Metadata

This document was edited by Colin Smith on 12/4/2008. Yi Liu created the initial page. Thanks Oliver and Firas for providing information. Last edited by Steven Lewis on 30 Aug 2016.

Table of Contents

Metadata
Overview
File Formats
Constraint Types
- Single constraints
- Nested constraints
Function Types
Sample Files
Code for Reading Constraints
Other Constraint Types
Other Function Types
- See Also

Overview

Rosetta constraints are additions to the scorefunction. (This corresponds to "restraints" in other programs.) They're used to score geometric and other features of the structure which may not be evaluated by standard scoreterms. For example, adding a scoring bias based on experimental knowledge.

Each constraint consists of two parts: A) what's being measured B) how that measured value is transformed into a scoring bonus/penalty. These two parts can be mixed and matched to derive the desired behavior.

In order for constraints to be correctly recognized by Rosetta, two things must occur. First, the constraints themselves must be applied to the pose (structure). How this is done is somewhat protocol dependent, but most often takes the form of an option or parameter which specifies which file contains the constraint specification. (The format of this file is described below.) For example, by adding it in your xml script using the ConstraintSetMover.

The second requirement is that the scorefunction being used needs to have a non-zero weight for the appropriate constraint scoreterm. The particular scoreterm depends on the type of constraint being used. The value of the penalty/bonus consists of the sum of the raw constraint scores (from the measured value and the specified transforming function of all the constraints) multiplied by the weight of the appropriate score term in the score function.
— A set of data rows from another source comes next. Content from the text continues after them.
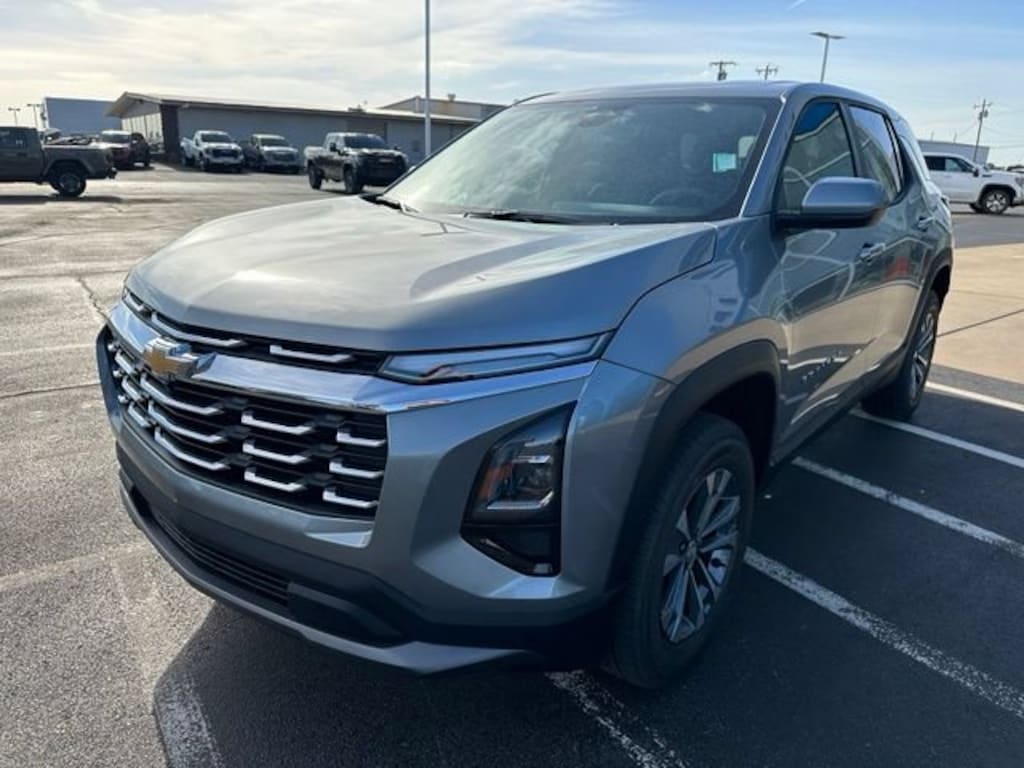 New 2027 Chevrolet Equinox LT SUV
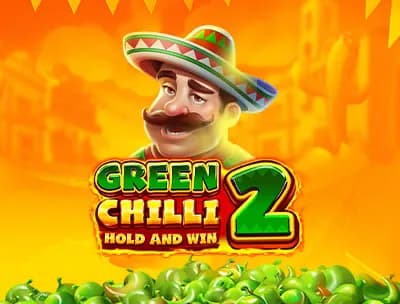 Green Chilli 2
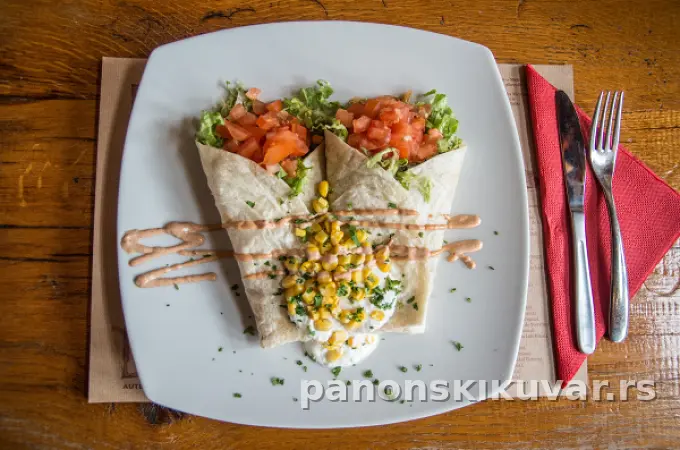 TORTILJE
Many protocols which use constraints will turn the constraint weights on for you, but others will require you to specify a scorefunction weights file which has non-zero constraint terms.

File Formats

Constraints can be specified in a line-based constraint file formatted like so:

Constraint_Type1 Constraint_Def1
Constraint_Type2 Constraint_Def2
...

Generally speaking, the Constraint_Type will contain a type, defining what sort of value to be constrained (distance, angle, dihedral, etc), and a series of atom and/or residue labels defining a specific quality to be constrained. Residue numbers are assumed to be in Rosetta numbering (from 1, no gaps), not PDB numbering. If you want PDB numbering, pass the chain letter immediately after the residue number (no spaces): residue 30 of chain A would be "30A". You cannot pass insertion codes through this mechanism; you'll need the renumbered pose. Not all constraint types can take PDB numbering.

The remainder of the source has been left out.